Today we are thankful for our mom and dad’s, brothers and sisters and want to let them know that and just how special they are to us and the important part they have had in our lives. It would be a good time to get out the old photograph albums and look through the pictures, reliving memories of earlier days around the Christmas tree or at the 4th of July picnic or maybe at the beach vacation that was spent with your special aunts and uncles.
To celebrate National Aunt and Uncles Day, give them a call, stop by for a visit, send them a card or a bouquet of flowers or maybe take them out for a nice dinner.
NATIONAL AUNT AND UNCLES DAY HISTORY
Within our research, we were unable to find the creator or the origin of National Aunt and Uncles Day, an “unofficial” national holiday.
NATIONAL DISABILITY INDEPENDENCE DAY
National Disability Independence Day is celebrated each year on July 26. This day commemorates the anniversary of the signing of the Americans with Disabilities Act (ADA) on July 26th, 1990.
The Americans with Disabilities Act provides protection from employment discrimination as well as better access to goods, services and communications for people with disabilities.
“At the signing of the Americans with Disabilities Act July 26, 1990, President George Bush stated, “Three weeks ago we celebrated our nation’s Independence Day. Today we’re here to rejoice in and celebrate another ‘Independence Day,’ one that is long overdue. With today’s signing of the landmark Americans for Disabilities Act, every man, woman and child with a disability can now pass through once-closed doors into a bright new era of equality, independence and freedom.”
HAPPY NATIONAL DISABILITY INDEPENDENCE DAY
NATIONAL SYSTEM ADMINISTRATOR APPRECIATION DAY
Each year, on the last Friday in July, it is National System Administrator Appreciation Day. This day is also known as Sysadmin Day, SysAdminDay, SAD or SAAD.

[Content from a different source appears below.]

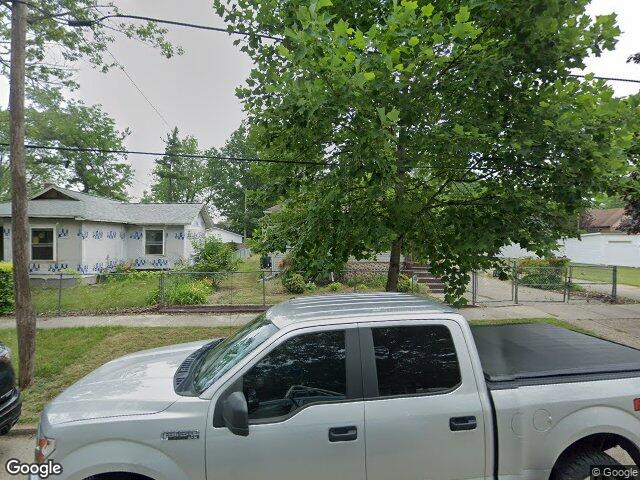 317 lyon st, south haven,  MI 49090
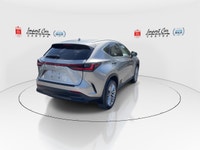 *** OTTAWA’S ORIGINAL IMPORT DEALER!! SINGLE OWNER * SMETANA APPROVED *** Lexus continues to raise t... (image 7)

National System Administrator Day was created to show appreciation for the work of sysadmins and other IT workers. The official SysAdmin Day website includes suggestions for the proper observation of this day. http://sysadminday.com/
There are some geek and Internet culture businesses, like ThinkGeek and CafePress, that honor today’s holiday with special product offerings, discounts and contests and various filk songs have been written to commemorate System Administrator Day. E-cards are available to be sent to celebrate this special occasion.
This holiday has been recognized and has been promoted by many IT professional organizations, the League of Professional System Administrators and Sage/Usenix.
NATIONAL SYSTEM ADMINISTRATOR APPRECIATION DAY HISTORY
National System Administrator Appreciation Day, an “unofficial” national holiday was created by Ted Kekatos. Kekatos was inspired by a Hewlett-Packard magazine advertisement in which a system administrator was given flowers and fruit-baskets by grateful co-workers as a ‘thank-you’ for installing new printers. Prior to seeing this advertisement, Kekatos had just installed several of the same model of printers at his place of work. The first System Administrator Appreciation Day was celebrated on July 28, 2000.
NATIONAL ALL OR NOTHING DAY
How will your day go today? It is National All or Nothing Day. Celebrated each year on July 26, people use this day to throw caution to the wind and go for it.
Everyone has at least one thing that they would like to try, need to do or want to do but might be fearful or hesitant to do so. Today is the day to go ahead and do it, take that first step and go for it.
Today we wish you the best on National All or Nothing Day!
NATIONAL ALL OR NOTHING DAY HISTORY
Within our research, we were unable to find the creator or origin of National All or Nothing Day, an “unofficial” national holiday.